Multiple Choice Questions

1. When words are used, the task of rendering body and face grows more?
(a) Nonsensical.
(b) Incomplete.
(c) Difficult.
(d) Easy.

2. What two types of applications is sequential art normally divided into?
(a) Moralism and fanaticism.
(b) Instruction and entertainment.
(c) Existentialism and entertainment.
(d) Experimentalism and nihilism.

3. What determines how successfully the commonality of the human body is conveyed?
(a) The artist's memory.
(b) The artist's skill.
(c) The artist's business.
(d) The artist's style.

4. When can artists render color directly over line work?
(a) When the electronic scanner engraves the comic.
(b) When the color is added to transparent overlays.
(c) When color process engraving by electronic scanning method arrives.
(d) When the lines dissolve.

5. In what vocabulary are body and gestures and postures stored?
(a) Syntactic vocabulary.
(b) Morphological vocabulary.
(c) Auditory vocabulary.
(d) Non-verbal vocabulary.

Short Answer Questions

1. What sort of inner emotions can contortions of the face reveal?

2. What is a modern attempt at codifying the wide range of postures and the emotions they reflect

3. In what person does Eisner illustrate and recast Hamlet?

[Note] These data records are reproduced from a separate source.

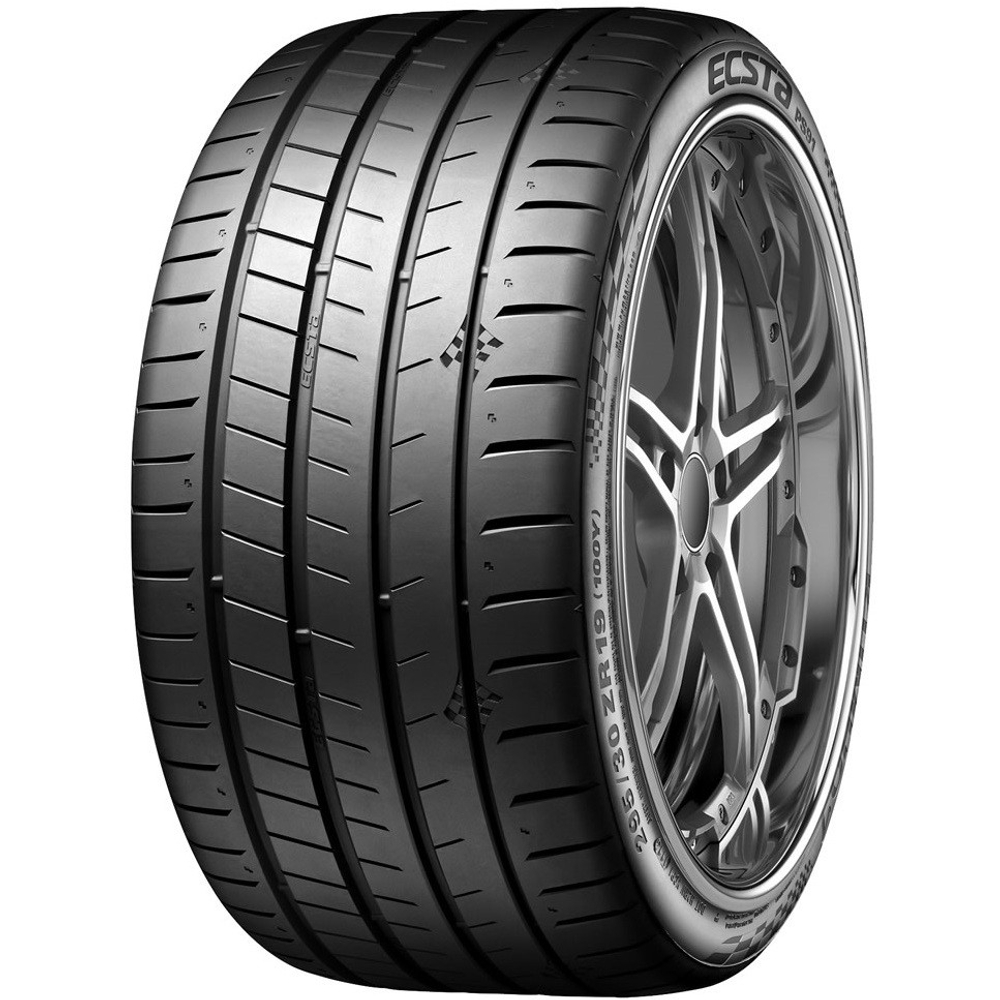 Летняя шина Kumho Ecsta PS91 (295/35 R20 105Y)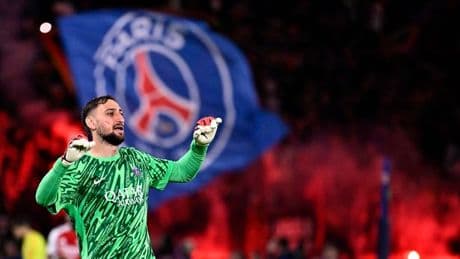 Champions League final: How to watch PSG vs Inter Milan for FREE tonight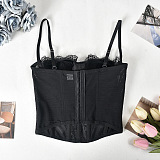 SUPER WHOLESALE | Lace Corset Top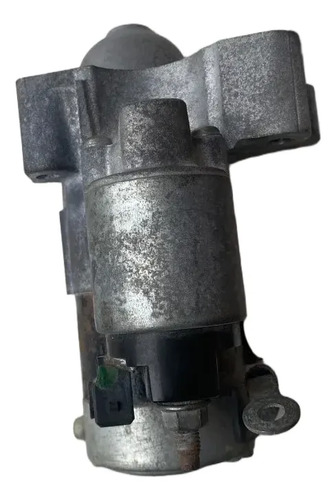 Motor De Partida Renault E Nissan - Imagem 5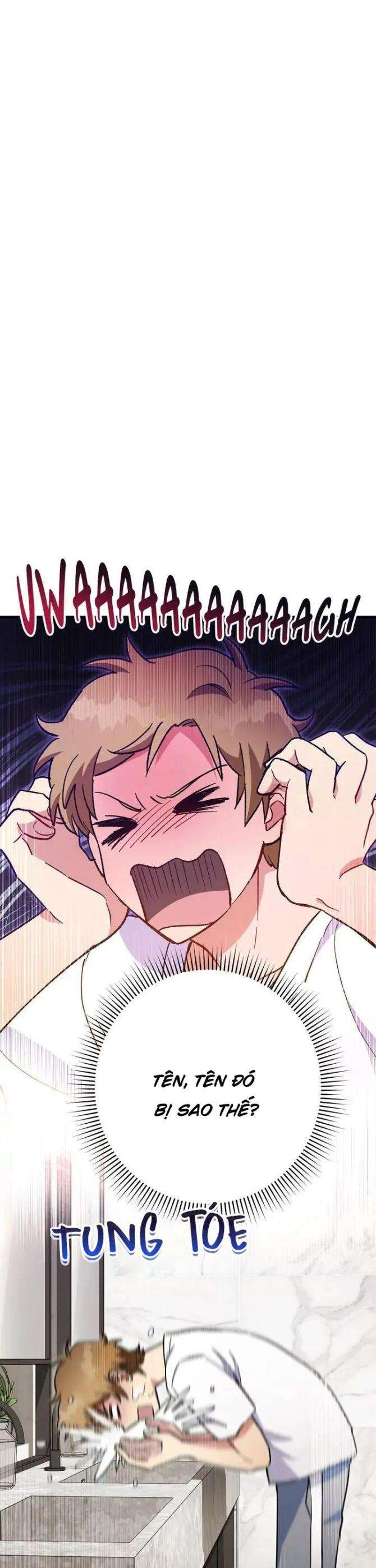 Sự Sống Sót Của Kẻ Chiêu Hồn - Page 43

4. What does Eisner flatly declare about the relationship between artist and writer?

5. What do the writer and artist "pledge allegiance" to when working on comics together?

Short Essay Questions

1. Give a brief synopsis of Chapter 5.

2. Give a brief synopsis of Chapter 6.

3. Why does Eisner reproduce the story written by Jules Feiffer that was never published?

4. Why do people make important daily judgments about faces?

5. How can posture and gesture give insight into a character's lifestyle and allow sociological observations?

6. Why do purely instructional comics often use humor?

7. How has technology challenged the individuality of artists?

8. Name four of the eleven points Eisner covers, because he thinks an artist must understand about how objects work in order to portray them skillfully.

9. Why should an artist read short stories?

10. Why is writing for comics most closely related to playwriting?